Ok normale Graka nicht. Was sind nicht normale? Bzw gibt es nicht normale, die von der Größe her ähnlich sind? Gibt es nicht irgendwie a) normale Grafikkarten, die für normale PCs sind, Größe egal, solange man nen großen Tower hat b) Notebook- oder Platzsparkarten (wahrscheinlich mit anderem Anschluss, weil die wirklich sehr klein sein müssen c) Platzsparkarten für Mini-PCs (oder wie die heißen), dachte eigentlich sowas wäre im kommen mit HTPC oder Wohnzimmer-PC oder wie man es auch nennen will. Früher war ein PC nur zum arbeiten, heute soll er schön aussehen, oder klein sein oder beides, da dachte ich für diese Entwicklung gibt es spezielle Karten.
:'(

Ich muss nämlich sagen: Neue Graka, neues Netzteil, PCIe Riser Card, Arbeitsaufwand ist mir zu viel für einen PC, der nur gelegentlich mal zum Spielen benutzt werden würde.
Dann doch lieber gar nicht spielen und für 200 Euro was anderes schönes machen 

Und noch ne Änderung: ACH ist "low profile" das, wonach ich gucken muss?

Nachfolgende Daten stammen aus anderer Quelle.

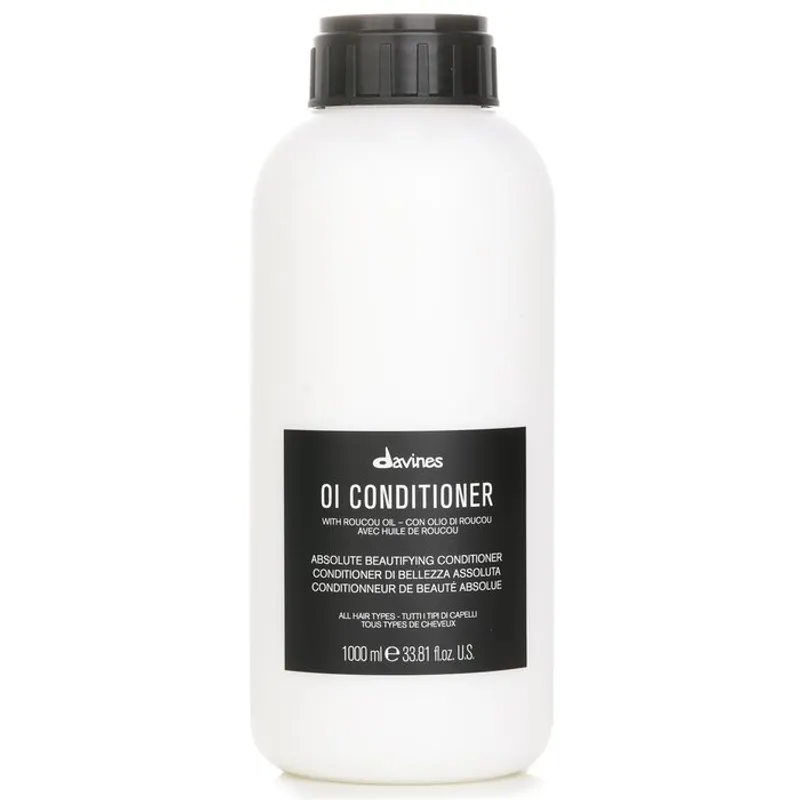 DAVINES - Acondicionador OI Absolute Beautifying 1000ml – Davines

DAS war doch in erster Linie meine Frage. Wieso würdest du das nicht machen?! Stürzt er mir dann alle 5 Minuten ab?


----------



## fuddles (6. August 2010)

*AW: Acer Aspire X1300 Grafik aufrüsten?*

Habe dir 2 Karten oben reineditiert. Sind sogenannte Low Profile Karten die niedriger und extra für HTCPs gedacht sind.

Du hast zwar schon bestellt, aber falls du den doch zurückschicken willst^^
kann ich dir die Konfig von mir empfehlen ( habe ich im Laden laufen ).
Dazu noch Win7 ( 80€ ), ne Graka ( um 60€ ), den CPU gegen nen Athlon X3 tauschen biste auch bei 400€, hast aber definitiv das bessere System. Das Gehäuse ist übrigens fast genauso groß wie das Acer X1300 und ebenso schick.

Bestellt bei Hardwareversand.de ( kannst da auch zusammenbauen lassen für 20€)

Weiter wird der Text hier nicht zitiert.